Problem description: Reproduce the listing that follows in full. Omit its images.
Start of Data extract
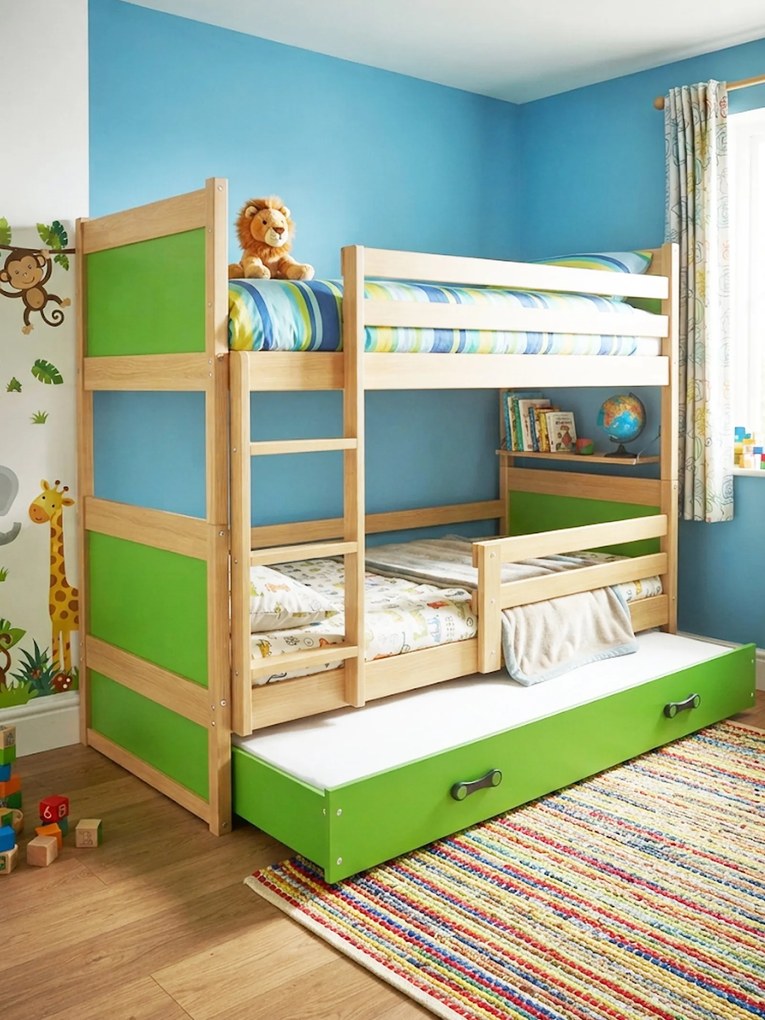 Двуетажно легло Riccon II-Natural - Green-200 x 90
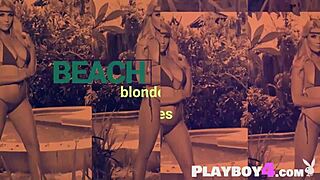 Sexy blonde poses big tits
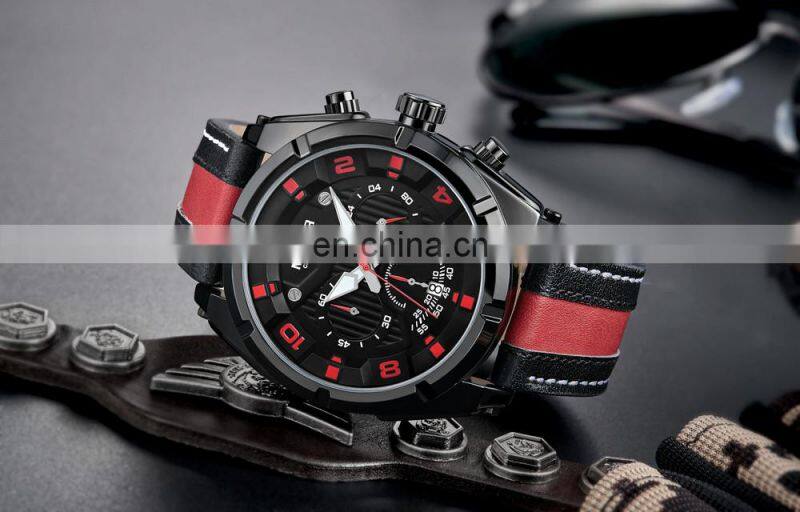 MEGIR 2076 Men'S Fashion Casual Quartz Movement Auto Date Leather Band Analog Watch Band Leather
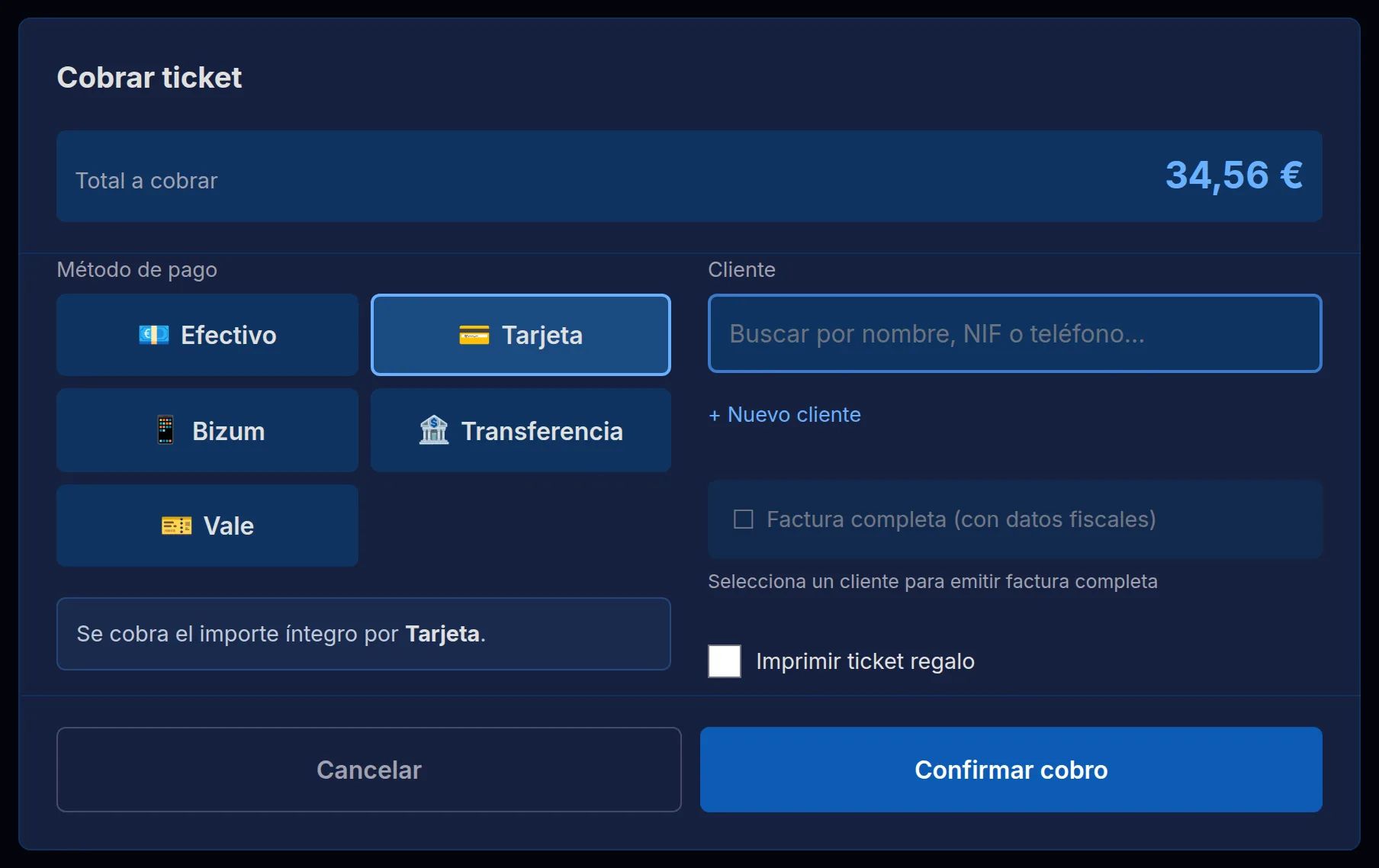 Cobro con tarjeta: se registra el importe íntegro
End of Data extract
Exercise result:
 Двуетажно легло Riccon II-Natural - Green-200 x 90
 Sexy blonde poses big tits
 MEGIR 2076 Men'S Fashion Casual Quartz Movement Auto Date Leather Band Analog Watch Band Leather
 Cobro con tarjeta: se registra el importe íntegro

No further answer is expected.